The Ebola outbreak in West Africa has seen countries and organisations from the around the world contribute one way or another in fighting the disease. Billy described it as being part of a global response to a global crisis, an experience he feels is one of the best things that has ever happened to him.

"It was like the whole world has come together you understand, so doing something that everyone is talking about, it was personally rewarding. You know what you are doing there makes a huge difference globally," he says.

"When this opportunity came I was like 'Let me go there and be part of history'. I know a lot of healthcare workers died, but for me to be there, it can be rewarding to me, rewarding to the country and the world. If we didn't go there, who must go there?"

Both Billy and Laura say life in Freetown is impossible for South Africans to imagine, with schools having been shut since September last year, and university students found either at home or at the treatment centres in an attempt to sustain themselves.
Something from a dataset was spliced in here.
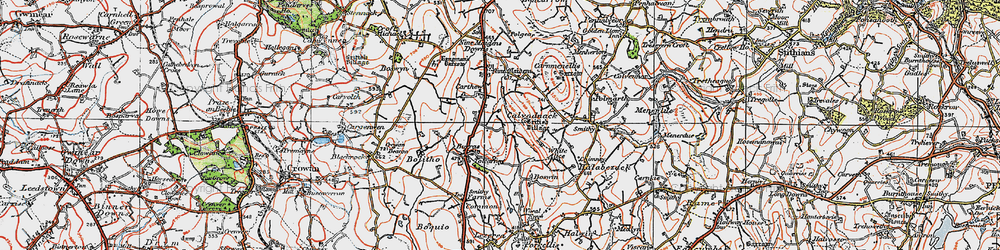 Old map of Tolcarne Wartha in 1919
Billy says his return to South Africa was bitter-sweet, as he felt he had unfinished business in Freetown, where he represented his country and made an impact on the lives of others.

“I'm a bit sad honestly, because I didn't want to come home. I wanted to come home when Sierra Leone has been officially declared Ebola free. For me to come home, when that has not happened, I'm sad...it was heart breaking for me,” he says.

“We went there as soldiers. Before I left for Sierra Leone, people were looking at me, many members of the public were saying we will be repatriated to South Africa in body bags, so I was like ‘No, I'm a soldier, I'm going there. I have compassion for people’."